No sábado, funcionários pró-russos e 'blogueiros' militares destacaram "grande atividade" da artilharia na direção de Kherson, algo que, presumivelmente, não havia acontecido até agora.
Além disso, fontes russas relataram o abate de vários mísseis que se dirigiam para a capital regional, onde caíram dois projéteis, segundo os serviços de emergência locais, citados pela agência russa TASS.
O presidente russo, Vladimir Putin, pediu ontem a retirada de civis de Kherson "porque a população civil não deve sofrer bombardeios, ofensivas, contra-ofensivas e outras medidas relacionadas a operações militares".
O Estado-Maior Geral das Forças Armadas da Ucrânia garantiu, por sua vez, que as tropas russas estão a tentar localizar civis que se recusam a deixar Kherson como parte da retirada.
Segundo o especialista militar ucraniano Oleg Zhdanov, os russos não vão deixar Kherson sem uma "grande batalha".
"Eles estão a construir várias linhas de defesa em torno de Kherson e a preparar a cidade para os combates de rua", disse o analista à imprensa local.
De acordo com Zhdanov, não é possível esperar que as tropas russas se retirem alegando "um gesto de boa vontade", como aconteceu na região de Kiev em março passado.

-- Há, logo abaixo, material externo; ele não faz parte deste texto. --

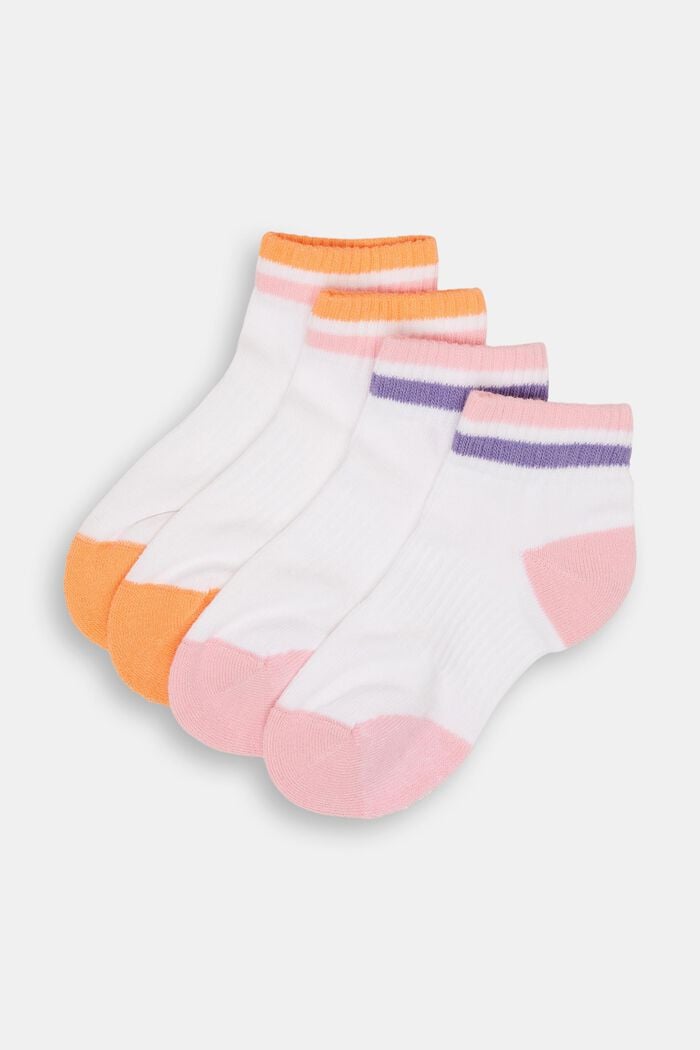 2-pack of athletic socks with coloured accents, ROSE/ORANGE, detail image number 0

Ao mesmo tempo, o especialista considerou que a destruição que Kherson inevitavelmente sofrerá não será da mesma magnitude que as que ocorreram em Mariúpol ou Severodonetsk, tomadas pelos russos.
"Temos muitas outras maneiras de expulsar o inimigo", disse ele sem dar mais detalhes.
Entretanto, os combates continuam noutras frentes de batalha, principalmente na região de Donetsk, parcialmente conquistada pelas tropas russas.
O presidente ucraniano Volodymyr Zelensky disse hoje que "lutas ferozes" estão a ocorrer nas cidades de Bakhmut e Soledar, no leste da Ucrânia.
O presidente garantiu que as tropas ucranianas estão " a manter as suas posições nestas e em algumas outras áreas da região de Donetsk".
De acordo com Valery Zaluzhny, comandante-chefe das Forças Armadas da Ucrânia, as tropas russas triplicaram a intensidade dos ataques nos últimos dias.
Sergei Cherevaty, representante de uma das unidades militares do Exército ucraniano, assegurou por sua vez que a situação é muito tensa perto de Avdiivka, cerca de 90 quilómetros a sul de Bakhmut, e Vuhledar, onde os russos tentam cercar as tropas.
"A situação é difícil, mas os soldados estão a resistir. O objetivo estratégico dos russos é conquistar todo o Donbas, para apresentá-lo [como vitória] à sua população. Por isso, eles mostram tenacidade na região de Donetsk", disse Cherevaty citado pelo portal Liga.net.
Os combates no Donbas também foram confirmados hoje pelo Ministério da Defesa de Moscovo, que disse ter repelido vários ataques ucranianos no leste e no sul.